In summary, given the fact that a small number of C. difficile spores are sufficient to cause CDI in susceptible individuals, disinfectants with an EPA-registered sporicidal claim or sterilants should be used for disinfecting rooms used by patient with CDI. ‘No-touch’ methods, such as HPV, remove reliance on the operator to achieve adequate distribution and contact time and are appropriate for the terminal disinfection of rooms used by patients with CDI.

References:
1. Otter JA, Yezli S, French GL. The role played by contaminated surfaces in the transmission of nosocomial pathogens. Infect Control Hosp Epidem. 2011; 32:687-99.
2. Larson HE, Borriello SP. Quantitative study of antibiotic-induced susceptibility to Clostridium difficile enterocecitis in hamsters. Antimicrob Agents Chemother 1990; 34:1348-53.
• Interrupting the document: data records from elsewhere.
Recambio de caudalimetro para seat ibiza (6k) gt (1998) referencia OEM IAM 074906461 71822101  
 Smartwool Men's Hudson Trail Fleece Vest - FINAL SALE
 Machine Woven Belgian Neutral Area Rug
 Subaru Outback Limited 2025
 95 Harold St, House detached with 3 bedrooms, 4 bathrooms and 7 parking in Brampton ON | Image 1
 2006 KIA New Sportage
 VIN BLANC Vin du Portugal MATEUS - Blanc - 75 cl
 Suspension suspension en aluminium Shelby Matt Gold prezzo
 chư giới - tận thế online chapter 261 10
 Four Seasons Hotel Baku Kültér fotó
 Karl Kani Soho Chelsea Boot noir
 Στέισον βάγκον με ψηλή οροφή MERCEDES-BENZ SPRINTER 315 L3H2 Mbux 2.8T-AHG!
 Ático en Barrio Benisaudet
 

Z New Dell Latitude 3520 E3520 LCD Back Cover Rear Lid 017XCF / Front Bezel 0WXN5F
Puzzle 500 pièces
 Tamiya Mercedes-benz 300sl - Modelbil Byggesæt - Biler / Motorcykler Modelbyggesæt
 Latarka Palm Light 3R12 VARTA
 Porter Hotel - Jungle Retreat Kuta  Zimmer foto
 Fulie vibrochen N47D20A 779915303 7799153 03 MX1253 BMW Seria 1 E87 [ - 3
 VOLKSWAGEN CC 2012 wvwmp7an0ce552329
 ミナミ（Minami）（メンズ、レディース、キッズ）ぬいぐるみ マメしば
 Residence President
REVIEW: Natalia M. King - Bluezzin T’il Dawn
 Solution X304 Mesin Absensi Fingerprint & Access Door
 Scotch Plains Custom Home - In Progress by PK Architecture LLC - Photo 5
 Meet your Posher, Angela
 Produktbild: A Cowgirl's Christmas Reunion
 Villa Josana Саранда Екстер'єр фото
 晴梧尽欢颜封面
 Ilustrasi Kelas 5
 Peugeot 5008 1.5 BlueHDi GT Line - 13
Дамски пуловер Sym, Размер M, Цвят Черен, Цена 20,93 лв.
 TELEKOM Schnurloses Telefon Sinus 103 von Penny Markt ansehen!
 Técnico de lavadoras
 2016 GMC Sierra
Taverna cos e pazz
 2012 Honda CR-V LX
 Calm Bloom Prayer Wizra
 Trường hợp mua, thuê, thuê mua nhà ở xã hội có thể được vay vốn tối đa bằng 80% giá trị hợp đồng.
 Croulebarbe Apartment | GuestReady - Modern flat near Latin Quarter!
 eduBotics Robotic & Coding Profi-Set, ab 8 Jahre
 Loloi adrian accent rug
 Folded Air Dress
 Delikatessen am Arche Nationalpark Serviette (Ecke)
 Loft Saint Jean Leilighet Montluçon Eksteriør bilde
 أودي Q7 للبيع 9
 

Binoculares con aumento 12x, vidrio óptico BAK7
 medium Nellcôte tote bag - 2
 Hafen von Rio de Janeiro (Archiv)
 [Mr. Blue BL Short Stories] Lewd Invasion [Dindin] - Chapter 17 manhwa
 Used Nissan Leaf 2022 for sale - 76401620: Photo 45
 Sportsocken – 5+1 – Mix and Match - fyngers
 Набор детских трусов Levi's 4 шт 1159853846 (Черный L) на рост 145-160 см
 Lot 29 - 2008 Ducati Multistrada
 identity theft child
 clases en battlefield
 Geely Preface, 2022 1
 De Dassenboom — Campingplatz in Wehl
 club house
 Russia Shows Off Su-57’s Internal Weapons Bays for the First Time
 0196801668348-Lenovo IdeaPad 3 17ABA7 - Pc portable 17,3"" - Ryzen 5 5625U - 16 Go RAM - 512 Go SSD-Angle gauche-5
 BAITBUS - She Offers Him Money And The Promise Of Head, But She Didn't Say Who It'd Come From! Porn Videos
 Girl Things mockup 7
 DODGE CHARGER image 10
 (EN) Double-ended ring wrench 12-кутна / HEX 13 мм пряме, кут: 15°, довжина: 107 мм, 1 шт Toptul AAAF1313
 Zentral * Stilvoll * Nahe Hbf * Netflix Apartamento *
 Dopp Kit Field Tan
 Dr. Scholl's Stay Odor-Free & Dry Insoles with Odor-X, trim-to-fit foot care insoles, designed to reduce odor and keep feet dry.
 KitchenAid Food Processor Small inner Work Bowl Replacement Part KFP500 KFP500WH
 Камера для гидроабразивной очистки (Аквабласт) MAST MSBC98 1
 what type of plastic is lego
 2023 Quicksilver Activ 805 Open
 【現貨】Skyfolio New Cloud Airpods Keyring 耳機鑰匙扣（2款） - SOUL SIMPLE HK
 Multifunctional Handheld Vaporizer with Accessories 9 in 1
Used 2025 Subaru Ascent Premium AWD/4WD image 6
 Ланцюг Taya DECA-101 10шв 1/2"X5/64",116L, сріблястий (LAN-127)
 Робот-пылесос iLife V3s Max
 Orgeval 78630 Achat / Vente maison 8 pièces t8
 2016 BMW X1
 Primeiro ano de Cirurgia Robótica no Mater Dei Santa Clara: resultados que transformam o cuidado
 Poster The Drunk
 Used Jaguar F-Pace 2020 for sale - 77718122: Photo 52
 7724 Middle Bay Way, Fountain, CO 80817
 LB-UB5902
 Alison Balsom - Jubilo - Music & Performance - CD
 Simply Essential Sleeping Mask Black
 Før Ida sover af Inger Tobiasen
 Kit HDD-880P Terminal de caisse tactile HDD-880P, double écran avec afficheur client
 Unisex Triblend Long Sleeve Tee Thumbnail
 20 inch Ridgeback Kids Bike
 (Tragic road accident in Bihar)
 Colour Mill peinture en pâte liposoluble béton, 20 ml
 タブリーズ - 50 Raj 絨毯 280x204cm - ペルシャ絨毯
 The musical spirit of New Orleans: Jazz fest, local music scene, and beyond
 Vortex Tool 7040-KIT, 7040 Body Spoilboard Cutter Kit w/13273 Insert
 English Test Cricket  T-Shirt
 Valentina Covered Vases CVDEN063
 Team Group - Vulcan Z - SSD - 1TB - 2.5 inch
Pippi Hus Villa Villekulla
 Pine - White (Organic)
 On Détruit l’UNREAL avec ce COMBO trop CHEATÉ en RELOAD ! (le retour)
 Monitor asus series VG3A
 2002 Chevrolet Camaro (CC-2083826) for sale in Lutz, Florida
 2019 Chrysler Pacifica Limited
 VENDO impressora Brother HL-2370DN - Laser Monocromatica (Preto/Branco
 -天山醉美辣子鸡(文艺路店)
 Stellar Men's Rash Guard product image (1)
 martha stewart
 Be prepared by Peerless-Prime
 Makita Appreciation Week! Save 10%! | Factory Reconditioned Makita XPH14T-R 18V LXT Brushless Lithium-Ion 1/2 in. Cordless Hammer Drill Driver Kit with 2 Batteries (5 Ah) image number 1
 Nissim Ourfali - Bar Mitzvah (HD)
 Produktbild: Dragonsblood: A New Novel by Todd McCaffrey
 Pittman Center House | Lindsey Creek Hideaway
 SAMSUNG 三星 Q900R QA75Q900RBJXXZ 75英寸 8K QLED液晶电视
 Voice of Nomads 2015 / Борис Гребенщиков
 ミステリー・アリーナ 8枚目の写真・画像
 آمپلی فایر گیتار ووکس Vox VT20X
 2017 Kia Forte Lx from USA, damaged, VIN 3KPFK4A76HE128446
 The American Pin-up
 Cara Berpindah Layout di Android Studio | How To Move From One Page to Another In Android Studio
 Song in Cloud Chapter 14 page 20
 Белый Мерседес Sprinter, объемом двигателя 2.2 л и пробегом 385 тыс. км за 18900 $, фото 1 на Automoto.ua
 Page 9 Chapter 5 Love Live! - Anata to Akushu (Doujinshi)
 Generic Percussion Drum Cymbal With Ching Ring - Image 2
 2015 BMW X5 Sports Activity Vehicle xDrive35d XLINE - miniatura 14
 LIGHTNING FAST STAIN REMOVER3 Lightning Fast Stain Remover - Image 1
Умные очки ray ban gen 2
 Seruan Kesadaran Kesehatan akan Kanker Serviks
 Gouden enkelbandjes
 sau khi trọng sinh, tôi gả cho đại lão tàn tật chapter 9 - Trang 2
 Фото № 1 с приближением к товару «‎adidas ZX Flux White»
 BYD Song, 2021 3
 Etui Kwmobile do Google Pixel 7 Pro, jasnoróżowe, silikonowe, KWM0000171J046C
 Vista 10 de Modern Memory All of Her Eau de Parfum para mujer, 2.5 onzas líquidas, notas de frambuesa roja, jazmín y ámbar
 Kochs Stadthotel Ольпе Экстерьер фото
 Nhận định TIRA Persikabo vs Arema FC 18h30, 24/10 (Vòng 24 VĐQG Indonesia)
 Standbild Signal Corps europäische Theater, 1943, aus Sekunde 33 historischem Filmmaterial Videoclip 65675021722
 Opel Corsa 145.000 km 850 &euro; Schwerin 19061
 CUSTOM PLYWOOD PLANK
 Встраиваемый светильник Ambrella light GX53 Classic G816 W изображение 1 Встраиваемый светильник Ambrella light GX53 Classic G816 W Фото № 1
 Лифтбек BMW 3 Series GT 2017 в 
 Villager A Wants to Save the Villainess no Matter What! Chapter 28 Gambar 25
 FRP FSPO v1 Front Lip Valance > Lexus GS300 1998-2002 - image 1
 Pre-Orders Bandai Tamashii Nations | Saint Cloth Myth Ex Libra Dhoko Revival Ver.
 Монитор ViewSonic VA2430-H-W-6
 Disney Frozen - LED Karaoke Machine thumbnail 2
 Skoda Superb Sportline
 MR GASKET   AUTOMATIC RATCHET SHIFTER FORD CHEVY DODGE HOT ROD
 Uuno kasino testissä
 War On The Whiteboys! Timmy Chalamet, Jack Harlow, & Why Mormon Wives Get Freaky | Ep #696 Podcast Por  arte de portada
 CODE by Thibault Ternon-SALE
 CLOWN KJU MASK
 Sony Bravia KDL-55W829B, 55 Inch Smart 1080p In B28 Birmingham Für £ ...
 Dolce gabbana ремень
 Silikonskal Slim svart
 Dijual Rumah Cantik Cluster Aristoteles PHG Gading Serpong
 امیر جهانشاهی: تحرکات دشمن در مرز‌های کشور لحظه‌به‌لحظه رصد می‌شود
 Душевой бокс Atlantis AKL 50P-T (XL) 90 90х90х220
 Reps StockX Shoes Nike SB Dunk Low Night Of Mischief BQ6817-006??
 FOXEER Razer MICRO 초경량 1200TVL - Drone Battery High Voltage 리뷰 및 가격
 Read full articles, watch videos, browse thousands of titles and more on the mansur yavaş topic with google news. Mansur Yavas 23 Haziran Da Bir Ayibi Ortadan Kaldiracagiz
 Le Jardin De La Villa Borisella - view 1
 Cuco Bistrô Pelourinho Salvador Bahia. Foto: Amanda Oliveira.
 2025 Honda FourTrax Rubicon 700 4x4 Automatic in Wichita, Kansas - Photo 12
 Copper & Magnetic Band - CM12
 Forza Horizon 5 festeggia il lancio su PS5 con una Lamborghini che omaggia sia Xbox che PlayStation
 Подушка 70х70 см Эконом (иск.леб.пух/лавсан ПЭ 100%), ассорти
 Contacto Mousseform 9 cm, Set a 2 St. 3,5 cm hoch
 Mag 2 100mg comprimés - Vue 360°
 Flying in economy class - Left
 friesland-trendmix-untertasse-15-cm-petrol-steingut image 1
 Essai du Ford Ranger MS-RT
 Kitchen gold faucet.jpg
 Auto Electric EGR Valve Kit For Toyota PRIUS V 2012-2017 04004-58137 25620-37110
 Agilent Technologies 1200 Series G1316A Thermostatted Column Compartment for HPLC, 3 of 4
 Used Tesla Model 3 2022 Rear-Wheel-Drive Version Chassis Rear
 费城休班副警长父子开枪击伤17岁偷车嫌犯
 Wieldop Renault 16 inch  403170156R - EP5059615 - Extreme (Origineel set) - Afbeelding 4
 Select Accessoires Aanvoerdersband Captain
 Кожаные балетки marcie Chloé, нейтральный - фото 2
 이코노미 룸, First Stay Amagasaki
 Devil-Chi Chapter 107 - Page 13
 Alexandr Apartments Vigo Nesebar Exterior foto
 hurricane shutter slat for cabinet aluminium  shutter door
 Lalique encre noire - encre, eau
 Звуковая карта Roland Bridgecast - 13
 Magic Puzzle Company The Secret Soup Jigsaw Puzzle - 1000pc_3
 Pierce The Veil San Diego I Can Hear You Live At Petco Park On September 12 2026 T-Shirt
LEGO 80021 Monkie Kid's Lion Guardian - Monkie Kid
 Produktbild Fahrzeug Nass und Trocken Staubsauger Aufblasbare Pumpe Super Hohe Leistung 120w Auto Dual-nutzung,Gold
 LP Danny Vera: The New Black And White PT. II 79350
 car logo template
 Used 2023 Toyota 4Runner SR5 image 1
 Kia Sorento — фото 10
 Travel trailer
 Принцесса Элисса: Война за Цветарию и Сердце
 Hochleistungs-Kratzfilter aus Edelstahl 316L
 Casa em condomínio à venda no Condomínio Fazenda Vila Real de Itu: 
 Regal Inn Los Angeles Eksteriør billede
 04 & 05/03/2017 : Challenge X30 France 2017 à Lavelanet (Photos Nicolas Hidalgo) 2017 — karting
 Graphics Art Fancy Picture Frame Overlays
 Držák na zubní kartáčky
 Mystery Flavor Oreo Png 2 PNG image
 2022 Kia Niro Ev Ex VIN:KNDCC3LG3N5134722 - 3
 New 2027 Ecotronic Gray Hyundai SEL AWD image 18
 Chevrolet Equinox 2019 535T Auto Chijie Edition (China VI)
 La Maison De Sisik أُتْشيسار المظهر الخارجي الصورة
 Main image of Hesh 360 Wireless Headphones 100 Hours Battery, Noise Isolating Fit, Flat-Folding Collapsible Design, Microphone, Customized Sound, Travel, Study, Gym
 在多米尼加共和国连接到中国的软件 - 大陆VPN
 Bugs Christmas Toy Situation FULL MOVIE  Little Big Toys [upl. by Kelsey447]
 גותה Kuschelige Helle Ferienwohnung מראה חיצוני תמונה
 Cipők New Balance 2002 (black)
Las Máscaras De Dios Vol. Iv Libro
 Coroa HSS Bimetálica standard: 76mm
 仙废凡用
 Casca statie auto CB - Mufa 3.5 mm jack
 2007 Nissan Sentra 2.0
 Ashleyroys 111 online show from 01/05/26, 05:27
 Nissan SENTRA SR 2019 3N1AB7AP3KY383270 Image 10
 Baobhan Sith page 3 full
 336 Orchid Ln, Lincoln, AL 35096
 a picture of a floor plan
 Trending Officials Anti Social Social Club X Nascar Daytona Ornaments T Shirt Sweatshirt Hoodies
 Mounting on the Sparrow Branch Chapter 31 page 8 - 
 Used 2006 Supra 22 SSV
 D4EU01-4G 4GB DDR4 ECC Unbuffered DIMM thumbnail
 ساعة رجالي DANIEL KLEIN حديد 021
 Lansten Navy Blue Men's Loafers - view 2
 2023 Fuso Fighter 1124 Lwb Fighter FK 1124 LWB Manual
3. Lawley TD, Clare S, Deakin LJ, et al. Use of purified Clostridium difficile spores to facilitate evaluation of health care disinfection regimens. Appl Environ Microbiol 2010; 76:6895-900.
4. Yezli S, Otter JA. Minimum infective dose of the major human respiratory and enteric viruses transmitted through food and the environment. Food Environ Microbiol 2011; 3:1-30.
5. Otter JA, French GL. Survival of nosocomial bacteria and spores on surfaces and inactivation by hydrogen peroxide vapor. J Clin Microbiol 2009; 47:205-7.
6. Humphreys PN. Testing standards for sporicides. J Hosp Infect 2011; 77:193-8.
7. Al-Nassir WN, Sethi AK, Nerandzic MM, Bobulsky GS, Jump RL, Donskey CJ. Comparison of clinical and microbiological response to treatment of Clostridium difficile-associated disease with metronidazole and vancomycin. Clin Infect Dis 2008; 47:56-62.
8. Mayfield JL, Leet T, Miller J, Mundy LM. Environmental control to reduce transmission of Clostridium difficile. Clin Infect Dis 2000; 31:995-1000.
9. Boyce JM, Havill NL, Otter JA, et al. Impact of hydrogen peroxide vapor room decontamination on Clostridium difficile environmental contamination and transmission in a healthcare setting. Infect Control Hosp Epidem. 2008; 29:723-9.
10. Manian FA, Griesenauer S, Senkel D, et al. Isolation of Acinetobacter baumannii complex and methicillin-resistant staphylococcus aureus from hospital rooms following terminal cleaning and disinfection: Can we do better? Infect Control Hosp Epidemiol 2011; 32:667-72.
11. Passaretti CL, Otter JA, Reich NG et al. An evaluation of environmental decontamination with hydrogen peroxide vapor for reducing the risk of patient acquisition of multidrug-resistant organisms. Clin Infect Dis 2013; 56: 27-35..
12. Manian FA, Griesnauer S, Bryant A. Implementation of hospital-wide enhanced terminal cleaning of targeted patient rooms and its impact on endemic Clostridium difficile infection rates. Am J Infect Control 2012..
13. Cooper T, O’Leary M, Yezli S, Otter JA. Impact of environmental decontamination using hydrogen peroxide vapour on the incidence of Clostridium difficile infection in one hospital trust. J Hosp Infect 2011; 78:238-40.